Barriers to travel, technological innovation and change, body blows to tourism in quake-struck Japan and the turbulent Middle East also are on the agenda here.

But organizers say they want to get government officials and industry leaders thinking about what the arrival of the Chinese, Brazilians, Indians and others from newly affluent countries will mean for their national economies and the international travel business.

"We'll ask the attendees whether they are ready to absorb that level of growth," said Scowsill.

"Are governments ready with infrastructure build? Are private investors ready to put the investment in, and generally speaking are we ready to absorb that level of growth?"

Roger Dow, of the US Travel Association, calls the conflict between the projected surge in demand and lagging infrastructure "a real chicken and egg."

"As we build this travel, which will happen, we'll also have to take a real hard look at our infrastructure, our next generation systems for airports, and adding airport capacity," he said.

Countries that haven't caught up in time are likely to be cursed with fun-killing bottlenecks and overcrowding as millions of new tourists pour through the global travel system.

Ironically, said Scowsill, it is "the developed market leaders that don't fully understand the impact of tourism. They kind of take it for granted in a way that we do not see in some of the developing world."

The United States, for instance, has seen little growth over the past decade in the number of long-haul travelers it receives, at a time when the rest of the world has seen an increase of about 40 percent.

Nevertheless, Commerce Department figures out Tuesday show a strong US rebound in travel and tourism-related exports in 2010 to 134.4 billion dollars, after a record 21 billion dollar, or 15 percent, drop in 2009.

The biggest increase, 18 percent, came from the Asia-Pacific region. Visitors from China, Singapore, and South Korea increased their tourism related spending by 39 percent, 31 percent and 30 percent, respectively.

In the view of the travel industry, the US numbers would be much higher were it not for a system for granting US visas that is so gratingly slow that it is driving away visitors.

After the September 11, 2001 attacks, the United States instituted requirements that every visa applicant be interviewed in person by a consular level officer.

"The end result is we have seen visa wait times for interviews go up to 100, 120 days in Brazil and China," he said.

"In Brazil, there are only four places you can go for a visa interview. In China there are five. So the combination of the huge population, the huge demand, and the need for face-to-face interviews in very few places is what has created the problem," he said.

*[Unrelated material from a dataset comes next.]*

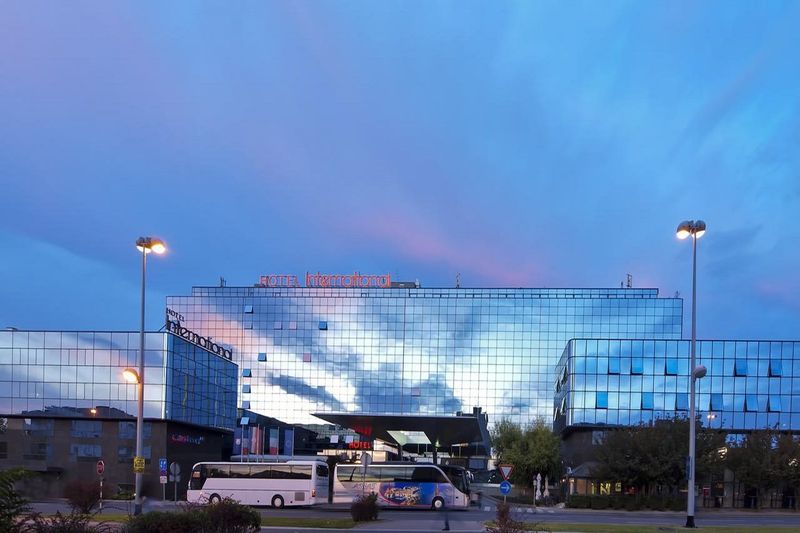 Hotel International Zagreb, Kroatien, Zagreb. Großes 1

The USTA released a report last week calling for an overhaul of the system.

It proposed hiring 400 more consular interviewers, allowing interviews to be done by videoconference, and exploring visa waivers with countries like Brazil.

"The Brazilian economy is soaring and people want to spend money, they want to travel. And the two highest groups that spend money are the Chinese and the Brazilian travelers. They outpace other travelers in the world by 25 to 50 percent per person," said Dow.